Segundo o Ministério da Saúde francês, o profissional apresentou sintomas após chegar ao país e foi imediatamente encaminhado para uma unidade especializada, onde permanece isolado e recebendo acompanhamento médico. As autoridades sanitárias também iniciaram o rastreamento de todas as pessoas que tiveram contato próximo com o paciente, seguindo os protocolos internacionais de contenção.
Apesar da confirmação do caso, o governo francês afirmou que o risco de transmissão para a população é considerado baixo. O Centro Europeu de Prevenção e Controle de Doenças (ECDC) reforçou que a probabilidade de disseminação do vírus na Europa permanece muito reduzida devido às medidas de vigilância e controle adotadas.
O caso ocorre em meio a um surto de Ebola na República Democrática do Congo, associado à cepa Bundibugyo, uma variante rara do vírus. De acordo com autoridades de saúde e organismos internacionais, a epidemia já atingiu mais de mil pessoas e provocou centenas de mortes no país africano.
Especialistas demonstram preocupação com o avanço da doença em áreas urbanas e campos de deslocados, onde a alta concentração populacional dificulta o controle da transmissão.

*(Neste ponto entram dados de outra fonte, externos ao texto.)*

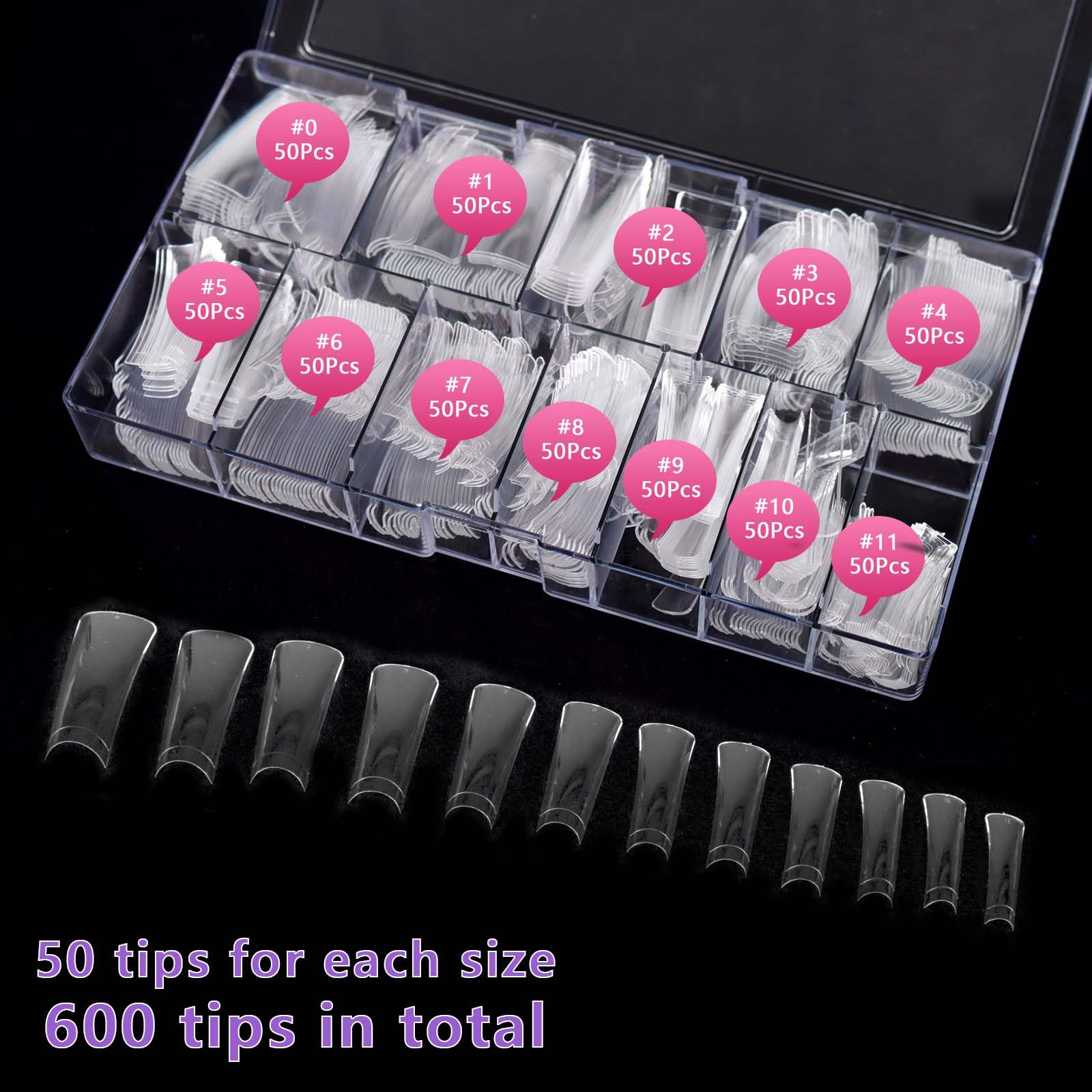 Laza size grid showing 50 tips per compartment for quick selection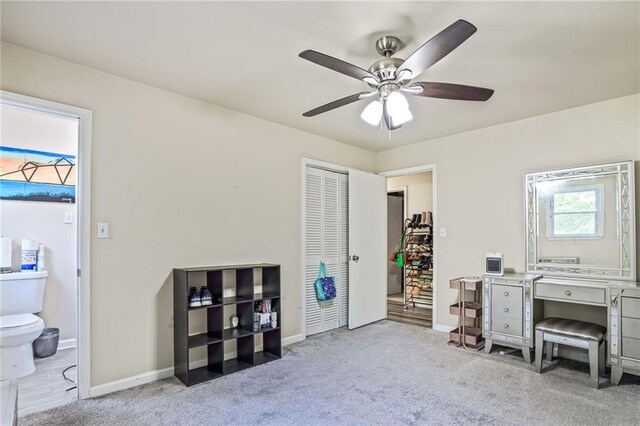 4025 Cheoah Dr, Douglasville, GA 30135 - carpeted office space featuring a ceiling fan and baseboards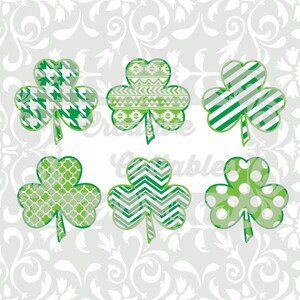 May include: Six green shamrock designs with different patterns. The patterns include polka dots, stripes, chevron, houndstooth, and geometric designs.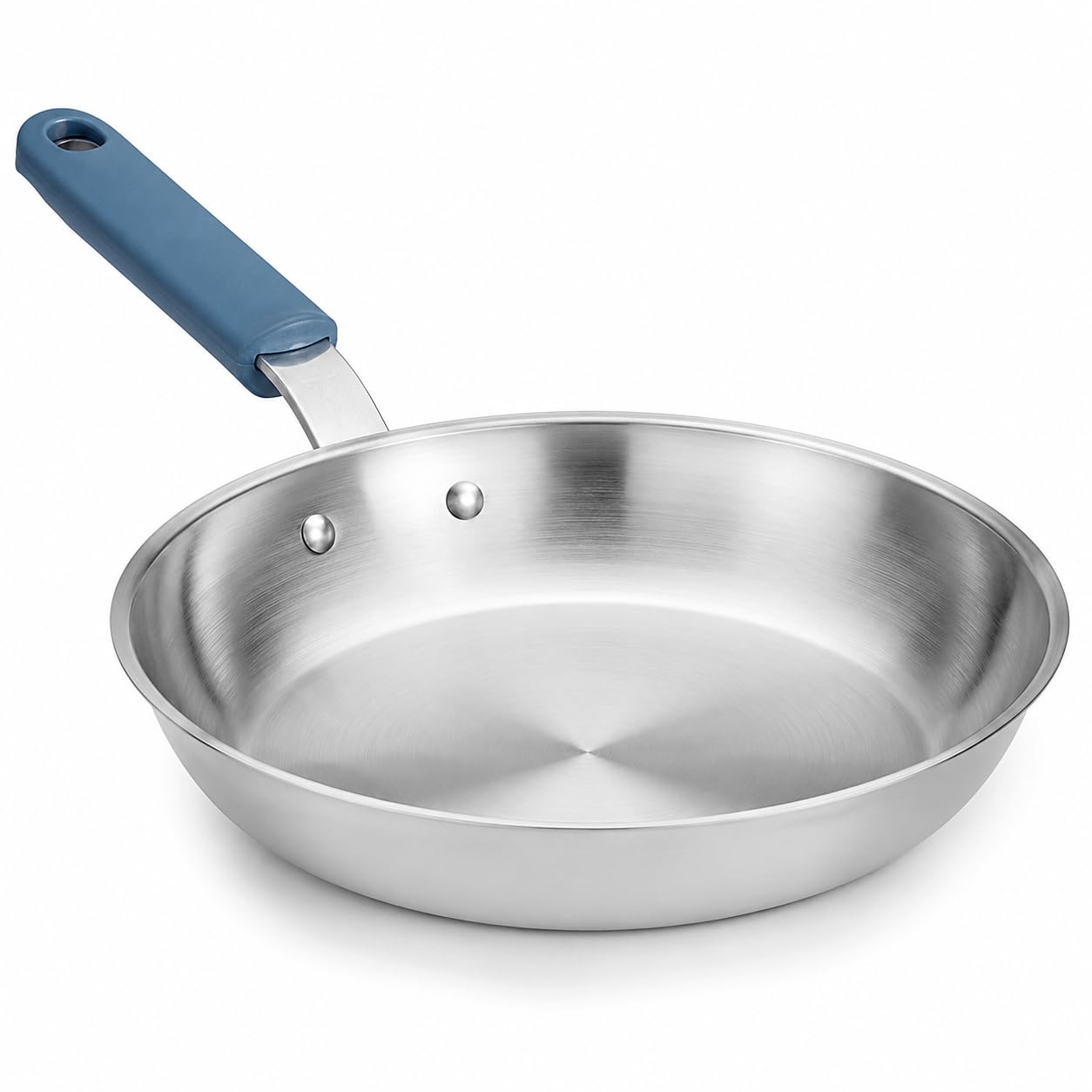 Glownary 10-Inch Aluminum Fry Pan, Commercial Grade with Natural Coating, Silicone Grip Handle, NSF Listed, Oven Safe, Made in USA, 17.9x10.5x2 Inches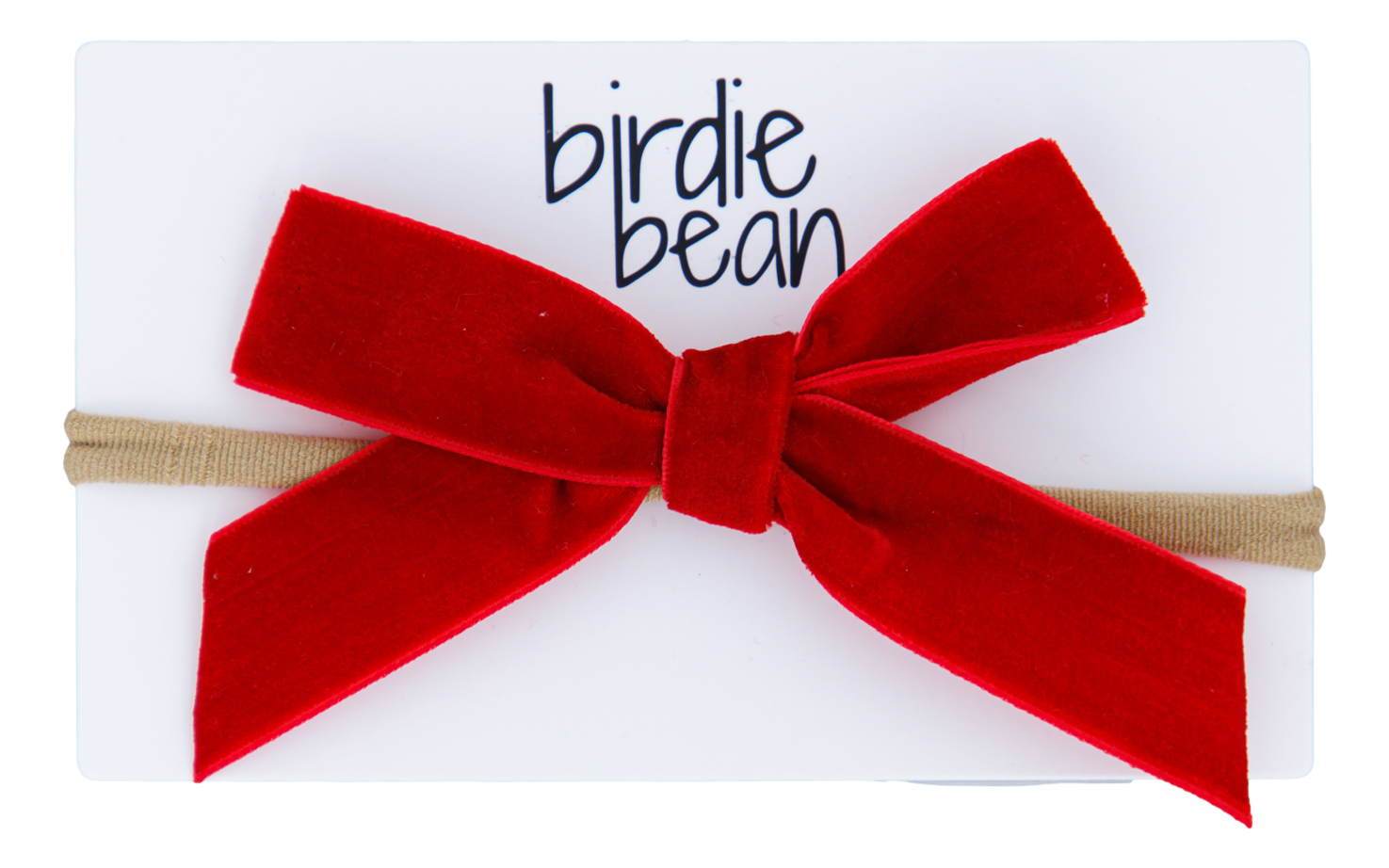 Red velvet bow hair accessory on a white background with 'birdie bean' branding.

Diante da situação, a Organização Mundial da Saúde (OMS) classificou o surto como uma emergência de saúde pública de importância internacional.
O Ebola é uma doença viral grave que provoca febre, dores intensas, fraqueza e, em casos severos, hemorragias. Diferentemente de vírus respiratórios, sua transmissão ocorre por meio do contato direto com sangue, secreções ou outros fluidos corporais de pessoas infectadas, o que reduz significativamente o risco de propagação em larga escala.

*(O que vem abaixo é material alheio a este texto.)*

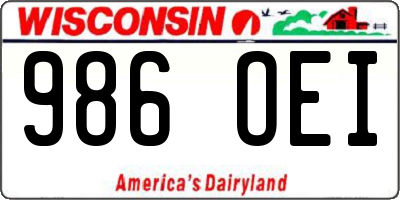 WI license plate 986OEI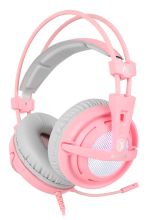 SADES Gaming Headset A6, multiplatform, USB, LED, ροζ
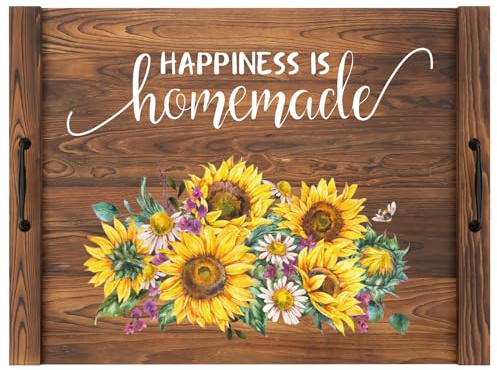 Noodle Board Stovetop Cover with Handles, Sunflower Kitchen Decor Wood Block Covers for Electric & Gas Stove, RV Stove Burner and Sink, Farmhouse Decorative Wooden Tray for Kitchen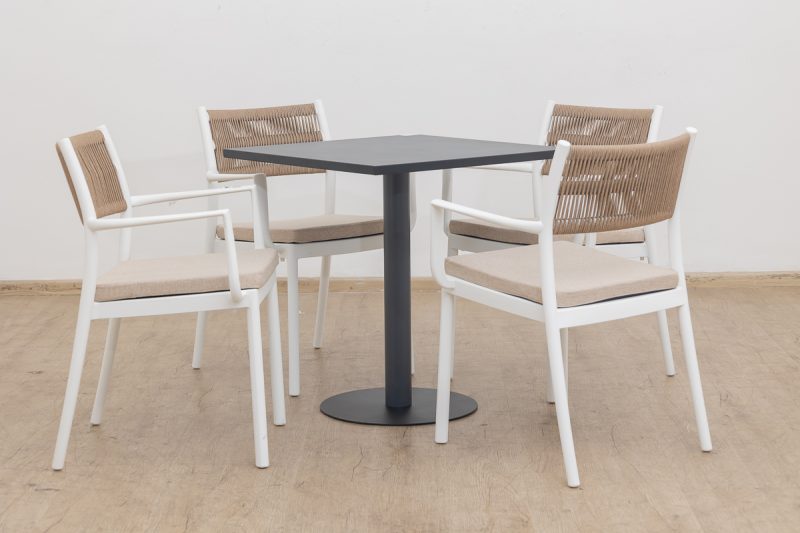 elliot outdoor dining table + 4 sloan chairs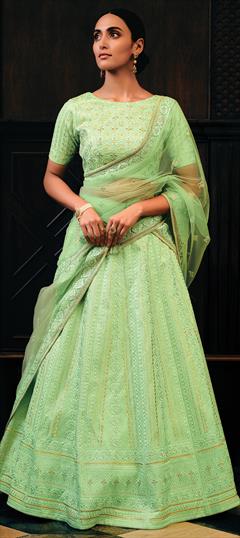 Mehendi Sangeet, Reception, Wedding Green color Lehenga in Raw Silk fabric with Flared Embroidered, Sequence, Thread work : 1949764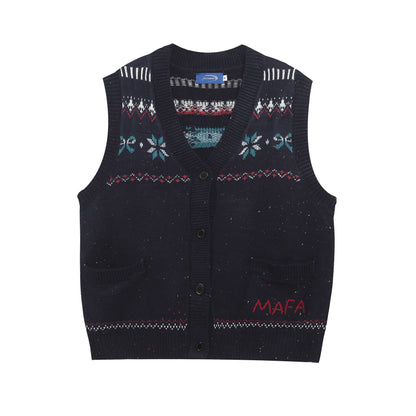 ⓀⓃⒾⓉ𒉽2025秋冬復古疊穿V領針織背心IN-23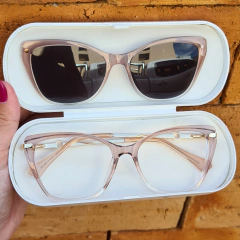 65118 - OCULOS CLIP-ON AGATA ROSA TRANSLUCIDO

Esta é a primeira vez que um caso da doença é diagnosticado em território francês. Durante a grande epidemia registrada na África Ocidental em 2014, a França recebeu pacientes para tratamento, mas todos já haviam sido diagnosticados antes de chegarem ao país.
As autoridades francesas seguem monitorando a situação e reforçam que os protocolos de segurança foram imediatamente acionados para evitar qualquer possibilidade de transmissão local.